You should see that once the FortiGate comes online and receives the correct information from the DHCP server, it should automatically register into the FortiManager. At this point, you should see the FortiManager kick its automated process to begin pushing down the configuration to the FortiGate:
1. The FortiManager automatically adds the FortiGate based on the existing model device
2. The FortiManager begins the process of pushing the configuration previously assigned to the model device to the FortiGate
3. Upon successful completion of the process, the FortiGate will show up as “synchronized” in the FortiManager
In my experience, the testing of this feature is not 100% successful with automating the deployment of the configuration to the FortiGate. To get more information as to why the process failed, there are certain locations within the FortiManager you can look to get more information:
The task monitor is a great place to get high level details of every job that runs in the FortiManager. Below is a picture containing the details of a successful job as well as an entry that failed.
The event log is useful for gathering more details into every action that the FortiManager records. While it may not give you the exact cause for a behavior, it can provide more insight into the outcomes.
The best way to check to see if the FortiGate has received a configuration from the FortiManager is to check its configuration. However, in order to determine if the FortiGate received the correct information from the DHCP option, you can use the following command:
diag fdsm fmg-auto-discovery-status
As you can see from the output of this command, the FortiGate learned the corresponding IP address from the FortiManager via the DHCP option.

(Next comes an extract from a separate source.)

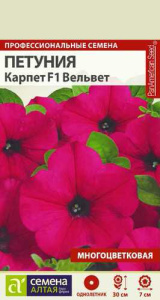 Петуния Карпет F1 Вельвет  купить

The above post details procedure that can be used to automatically provision a FortiGate by pointing it to a FortiManager. However, a security conscious engineer may consider that this could be leveraged by a malicious actor by using a rouge DHCP server where a FortiGate is known to exist. That engineer can rest easily knowing that there are safeguards built into this routine that only allow it to be applied to a FortiGate that is in a factory default state. Once the FortiGate is no longer in a factory default state, this functionality is disabled as indicated by the “config-touched” parameter in the output above.